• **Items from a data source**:
*** Begin section ***
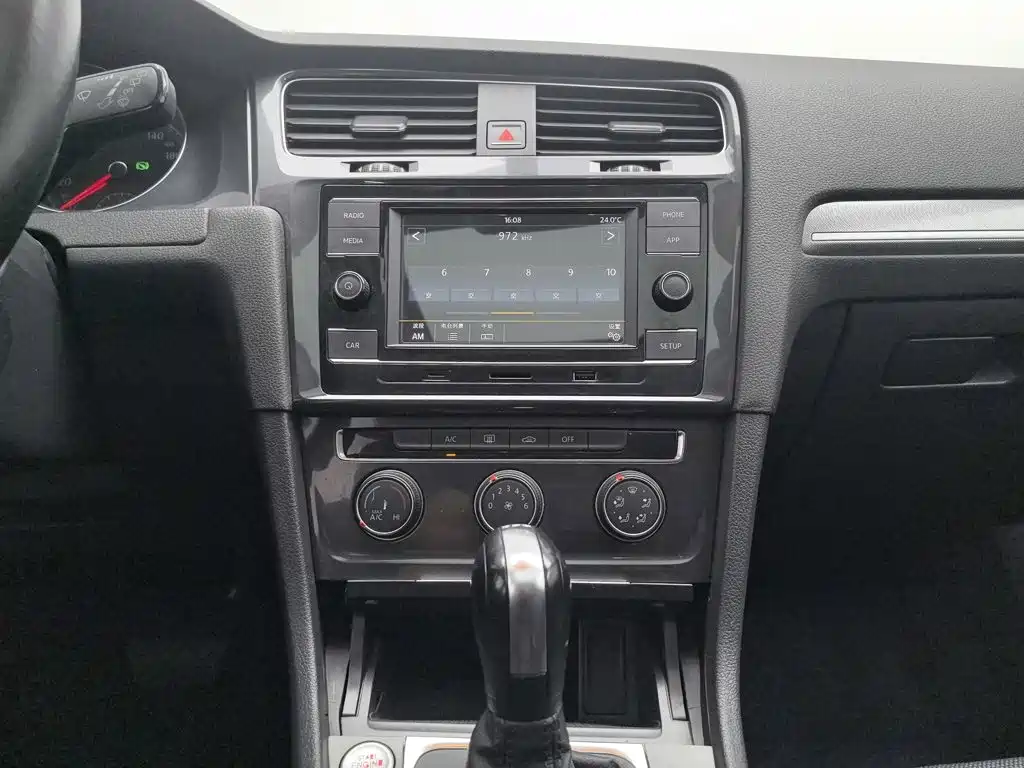 Volkswagen Golf — миниатюра 12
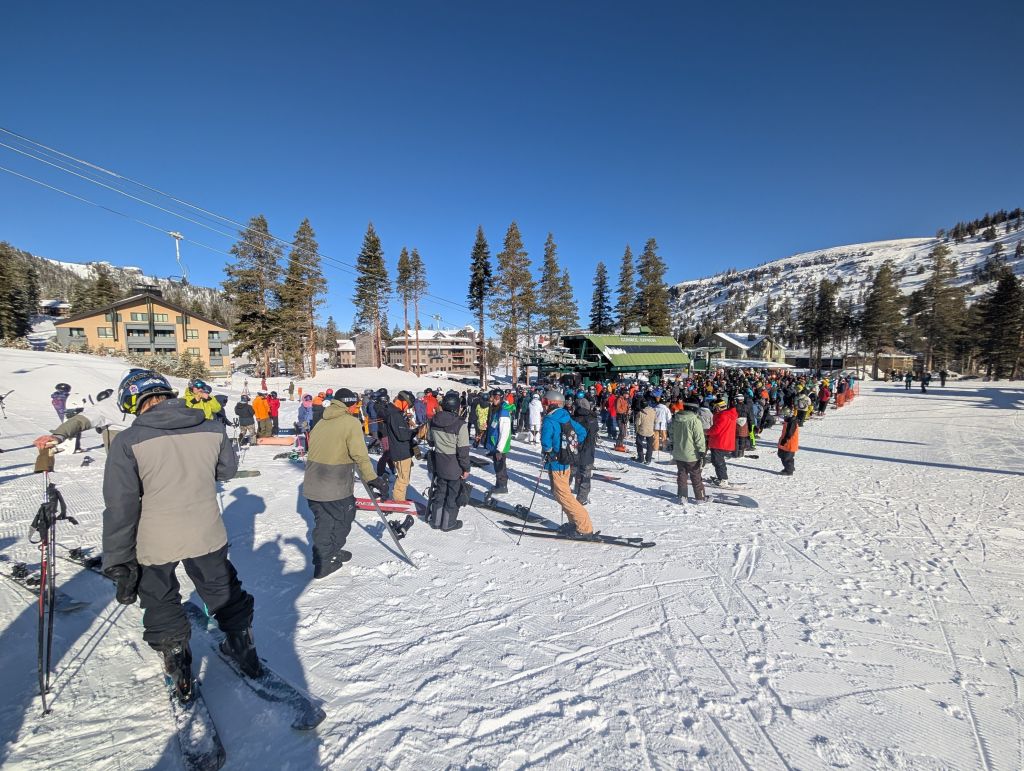 long line for turns out, not a lot of pow ;)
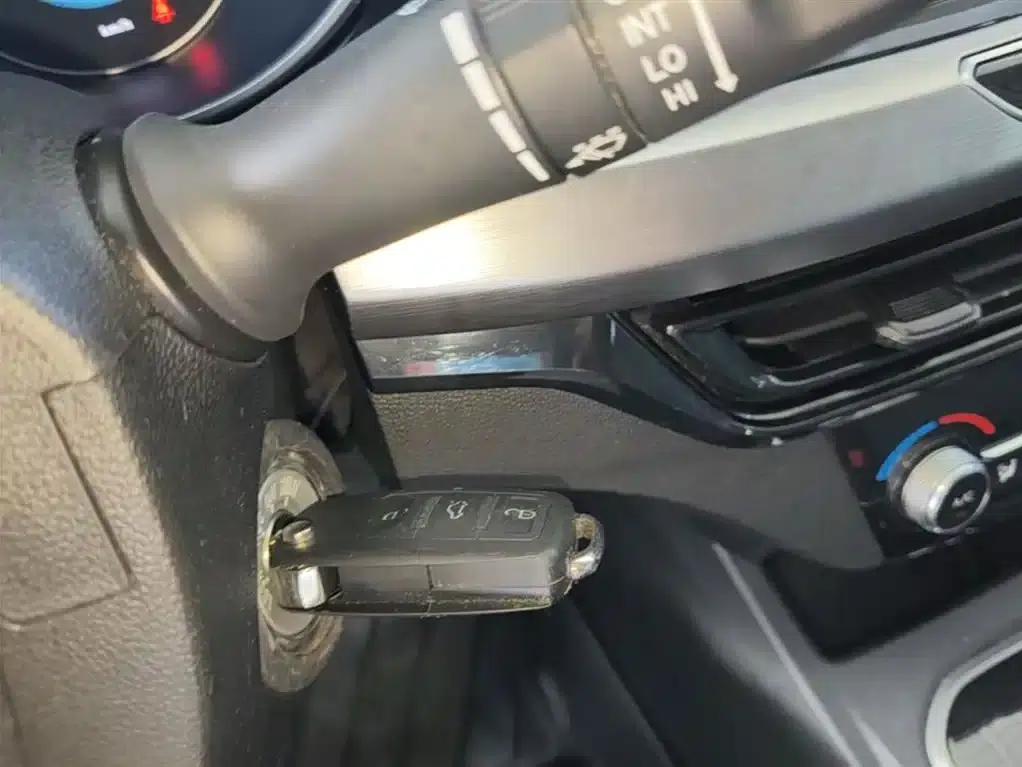 Changan Eado New Energy 2022 EV460 Smart Ride-Hailing Edition (Lithium Iron Phosphate) — миниатюра 8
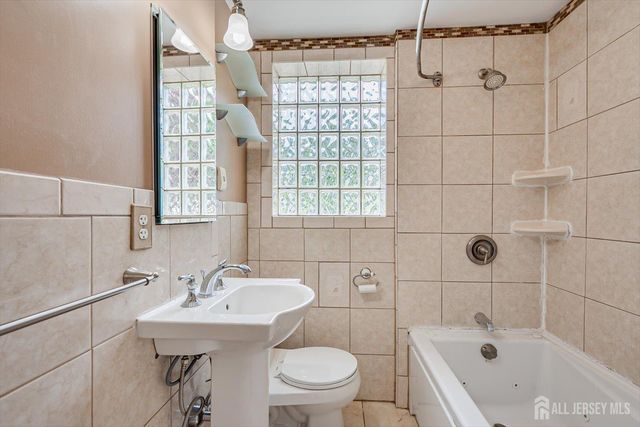285 Durham Avenue, Metuchen, NJ 08840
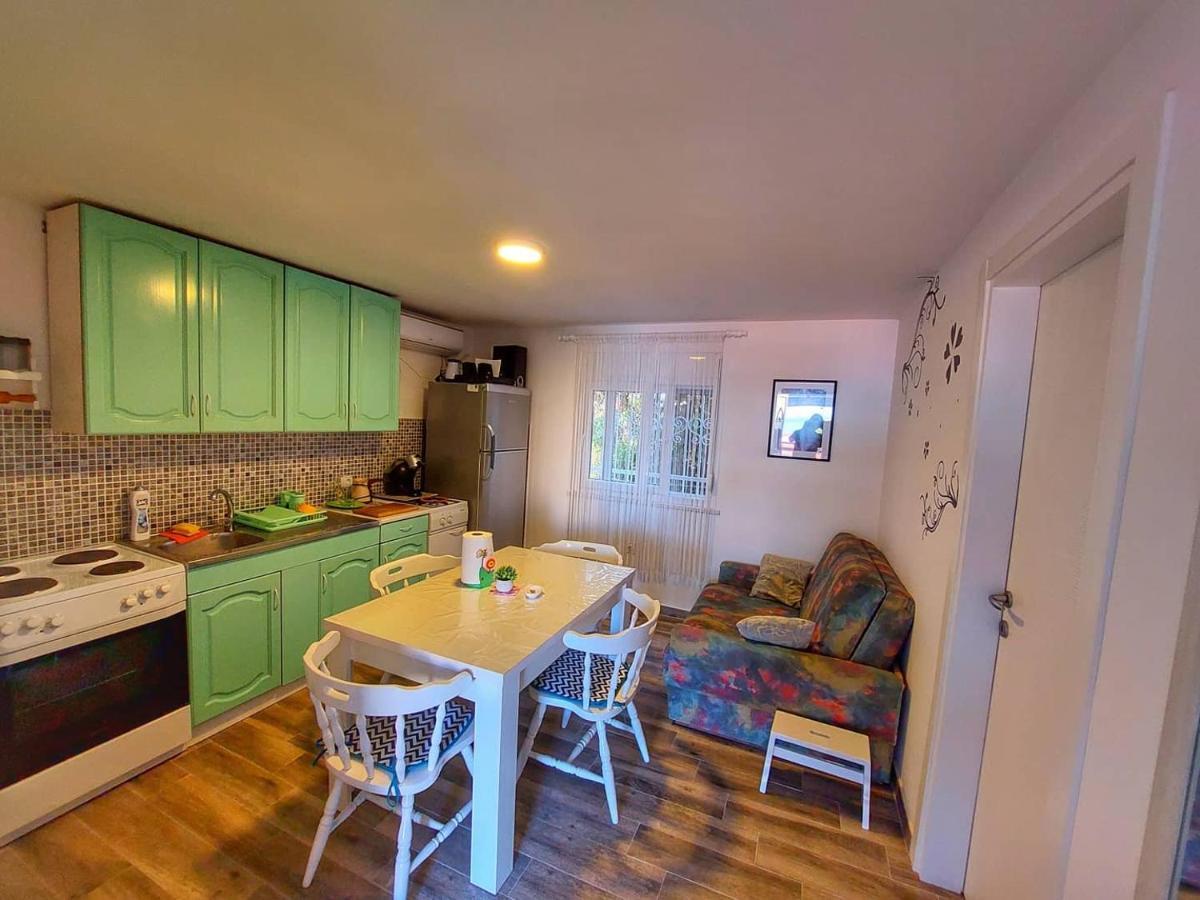 Apartments Marina ウトイェハ エクステリア 写真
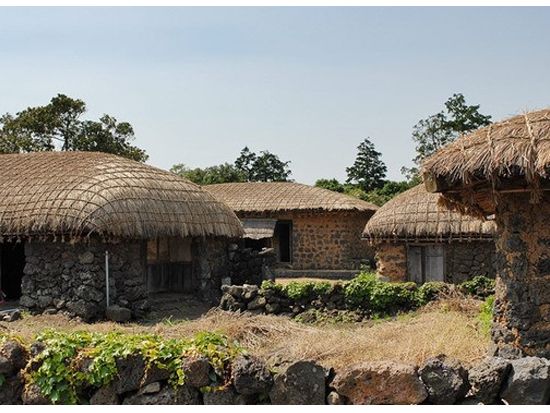 済州島観光ツアー　2大世界遺産巡り　城山日出峰＋万丈窟（拒文オルム）　スカイウォーターショー　海鮮カルグクス＆黒豚の2食付き＜1日／日本語ガイド／ホテル送迎付＞
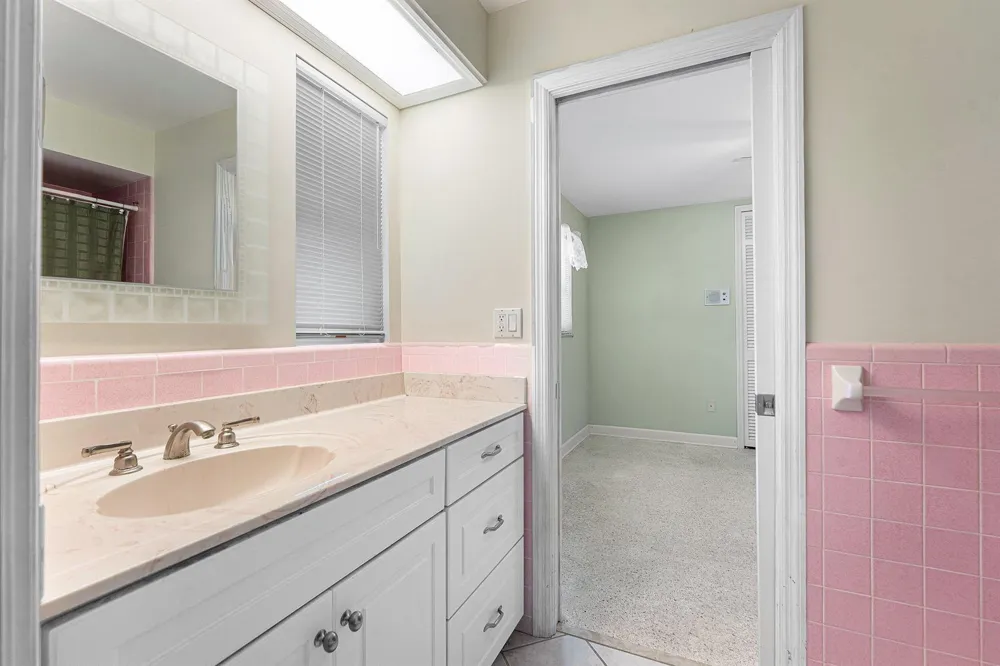 8645 Square Lake Drive Palm Beach Gardens, FL 33418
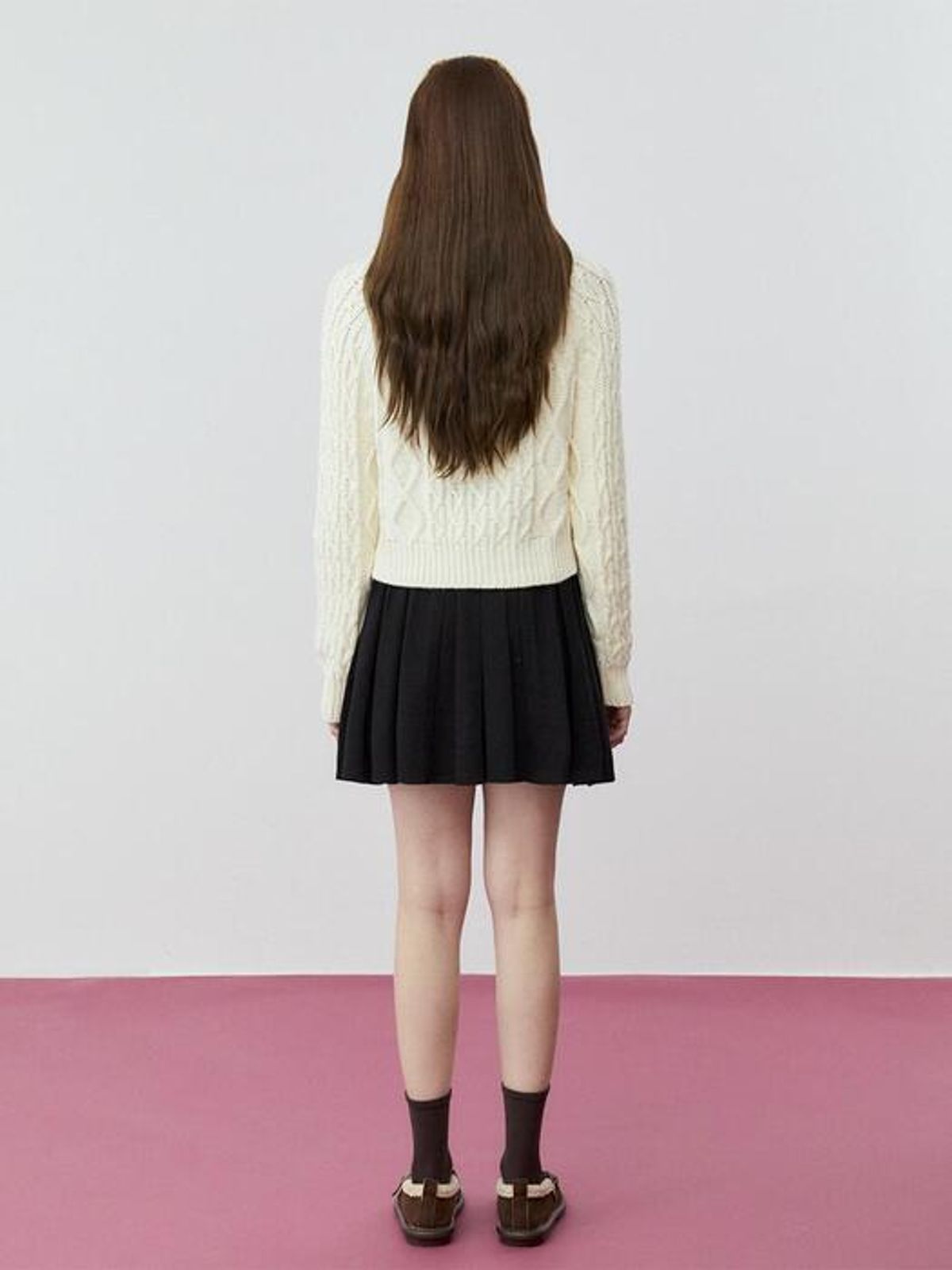 쿨키튼(KOOLKITTEN) Twisted Zip Up (BE)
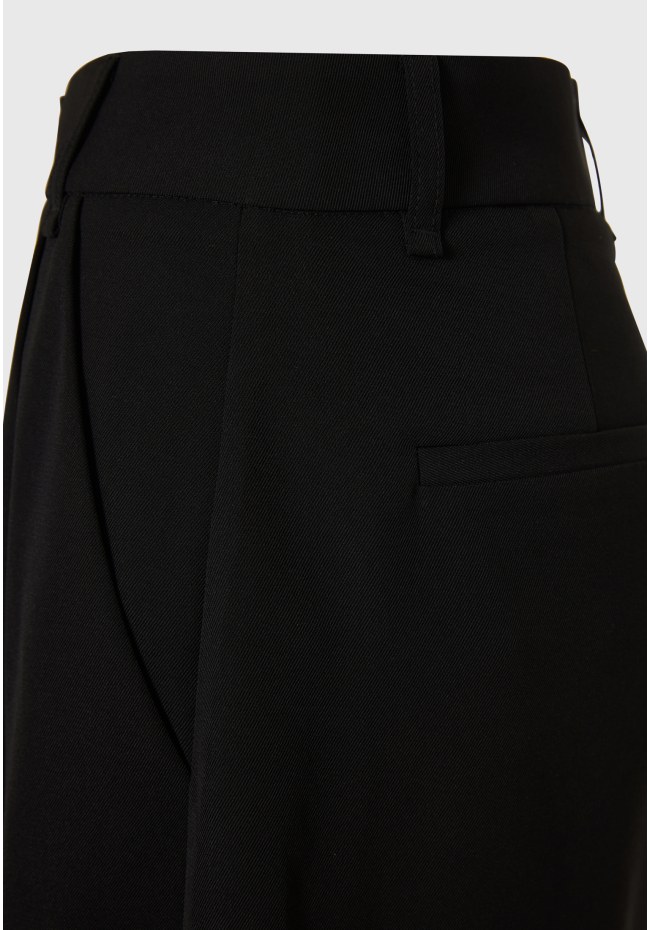 Loose fit σορτς με μονή πιέτα στη μέση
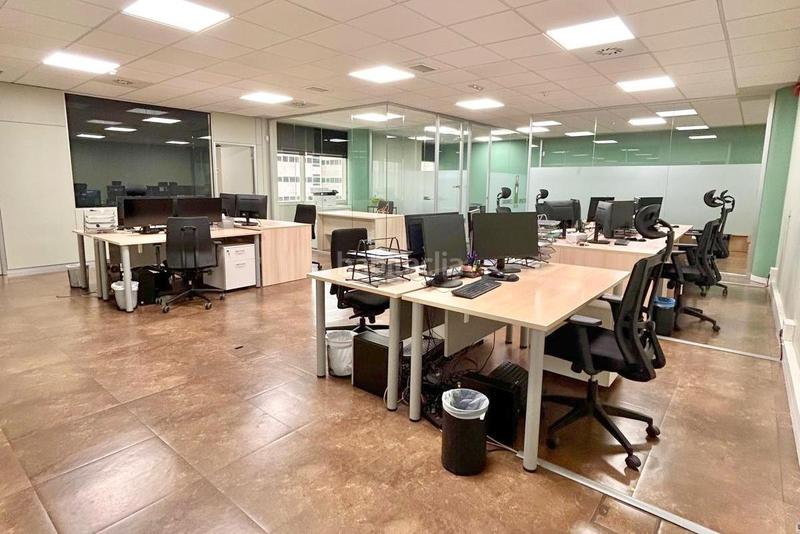 Foto 7a288faa-ab6a-419f-b3b7-0e3d58873981. Büro mit parking in Simancas Madrid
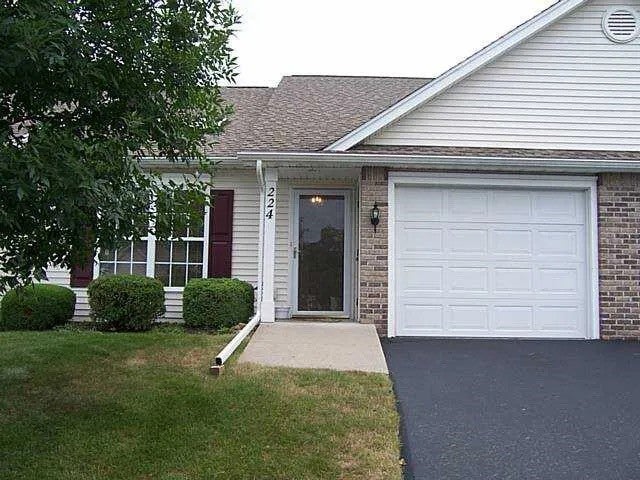 224 Rayfield Circle, Webster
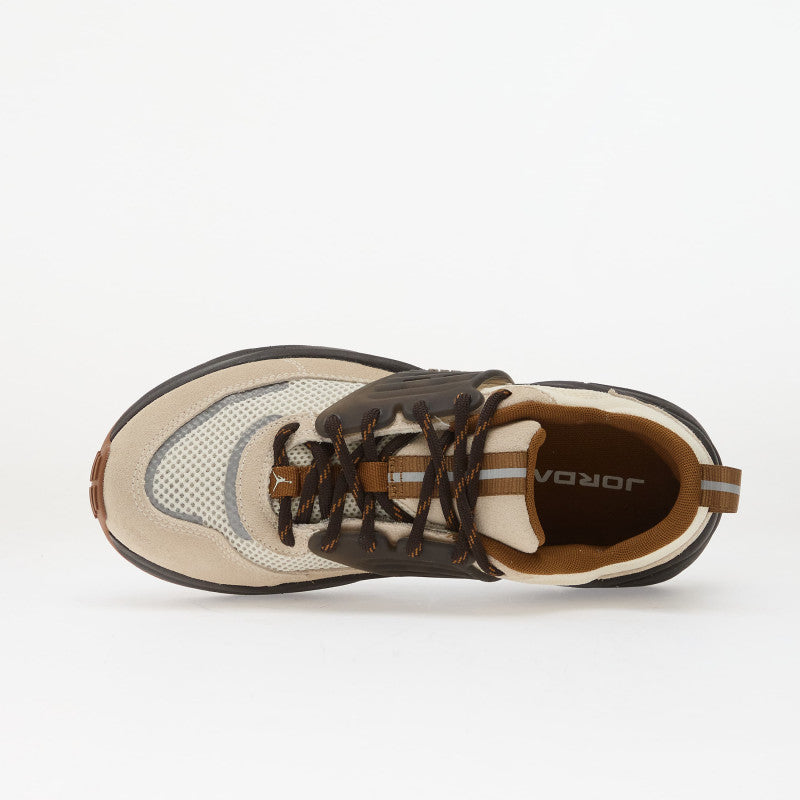 Jordan Trunner O/S Soft Pearl/ Lt British Tan-Shadow Brown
*** End section ***
• **EXERCISE DETAILS**:
Set down exactly, with no additions, each line from the line that includes "long line for turns out, not a lot of pow ;)" to the final line of the entries above; leave pictures out.

• **TASK RESPONSE**:
 long line for turns out, not a lot of pow ;)
 Changan Eado New Energy 2022 EV460 Smart Ride-Hailing Edition (Lithium Iron Phosphate) — миниатюра 8
285 Durham Avenue, Metuchen, NJ 08840
 Apartments Marina ウトイェハ エクステリア 写真
 済州島観光ツアー　2大世界遺産巡り　城山日出峰＋万丈窟（拒文オルム）　スカイウォーターショー　海鮮カルグクス＆黒豚の2食付き＜1日／日本語ガイド／ホテル送迎付＞
 8645 Square Lake Drive Palm Beach Gardens, FL 33418
 쿨키튼(KOOLKITTEN) Twisted Zip Up (BE)
 Loose fit σορτς με μονή πιέτα στη μέση
 Foto 7a288faa-ab6a-419f-b3b7-0e3d58873981. Büro mit parking in Simancas Madrid
 224 Rayfield Circle, Webster
 Jordan Trunner O/S Soft Pearl/ Lt British Tan-Shadow Brown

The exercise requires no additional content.